Choline and trimethylamine (TMA) are small molecules that play central roles in biological processes throughout all kingdoms of life. These ubiquitous metabolites are linked through a single biochemical transformation, the conversion of choline to TMA by anaerobic microorganisms. This metabolic activity, which contributes to methanogenesis and human disease, has been known for over a century but has eluded genetic and biochemical characterization. We have identified a gene cluster responsible for anaerobic choline degradation within the genome of a sulfate-reducing bacterium and verified its function using both a genetic knockout strategy and heterologous expression in Escherichia coli. Bioinformatics and electron paramagnetic resonance (EPR) spectroscopy revealed the involvement of a C-N bond cleaving glycyl radical enzyme in TMA production, which is unprecedented chemistry for this enzyme family. Our discovery provides the predictive capabilities needed to identify choline utilization clusters in numerous bacterial genomes, underscoring the importance and prevalence of this metabolic activity within the human microbiota and the environment.

Fig. 1.

Discovery of a bacterial gene cluster for anaerobic choline utilization. (A) Generation of trimethylamine (TMA) from choline and its subsequent processing by other organisms. (B) Potential parallel logic between anaerobic choline utilization and bacterial ethanolamine utilization pathways. (C) Putative choline utilization (cut) gene cluster and proposed biochemical pathway for microbial choline metabolism.

Fig. 2.

Bioinformatics identify choline trimethylamine-lyase CutC as a distinct type of glycyl radical enzyme. (A) Maximum likelihood phylogenetic tree showing the relationship between the amino acid sequences of choline TMA-lyases and other biochemically characterized members of the glycyl radical enzyme family.

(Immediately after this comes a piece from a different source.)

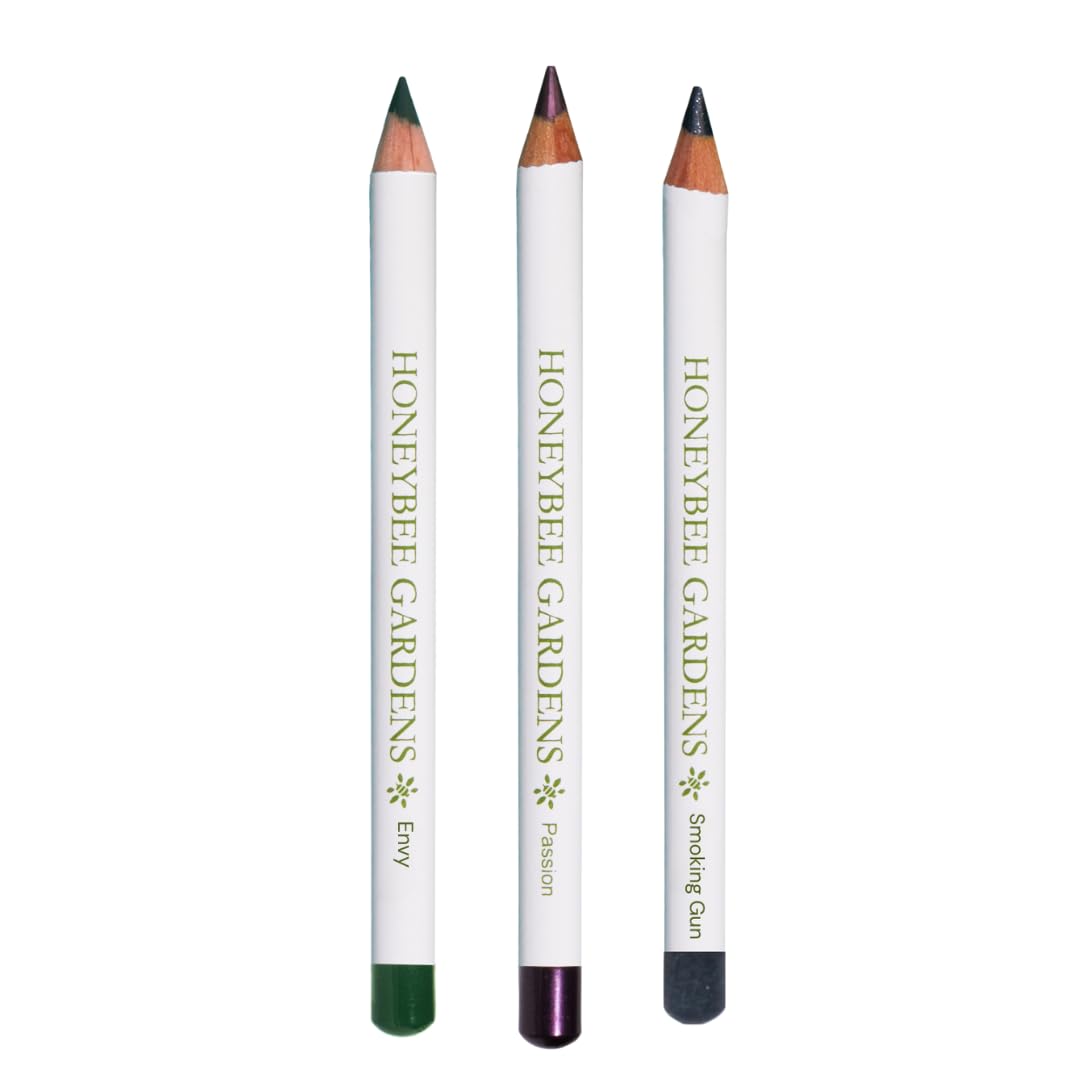 Honeybee Gardens Effortless Eye Liner Trio | Black, Brown, Purple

Bootstrap confidence values >50 are indicated on the nodes. (B) Biochemical transformations catalyzed by glycyl radical enzymes.

Fig. 3.

The cut gene cluster is responsible for choline metabolism and TMA production. (A) Growth of D. alaskensis G20 wild-type and C10(pB6) strains at 37 °C on lactate sulfate (black), choline sulfate (red), and choline fermentation (blue) media. The data shown are the average OD₆₀₀ values of four cultures. Error bars represent SEM. (B) LC-MS quantification of d₉-TMA produced by D. alaskensis G20 wild type and C10(pB6) during incubations in (trimethyl-d₉)-choline sulfate and (trimethyl-d₉)-choline fermentation media containing (trimethyl-d₉)-choline chloride (60 mM). Bar graphs represent the mean ± SEM of four cultures. *P < 0.02; **P < 10⁻⁵; ***P < 10⁻⁶. (C) LC-MS quantification of d₉-TMA produced by E. coli BL21(DE3) during incubations in Luria–Bertani (LB) medium containing (trimethyl-d₉)-choline chloride (100 µM). Bar graphs represent the mean ± SEM of four cultures. **P < 10⁻⁵.

Fig. 4.

Growth of D. desulfuricans on choline involves a glycyl radical. EPR spectra of D. desulfuricans ATCC 27774 cell suspensions grown on choline (red) and pyruvate (black) fermentation media. (A) Experimental spectrum of cells grown on choline. (B) Simulation assuming an isotropic signal with g = 2.003, line width (W) = 1.14 mT, and isotropic hyperfine interaction with one proton (A) = 1.3 mT. (C) Experimental spectrum of cells grown on pyruvate. (D) Simulation assuming an isotropic signal with g = 2.004 and line width (W) = 1.94 mT.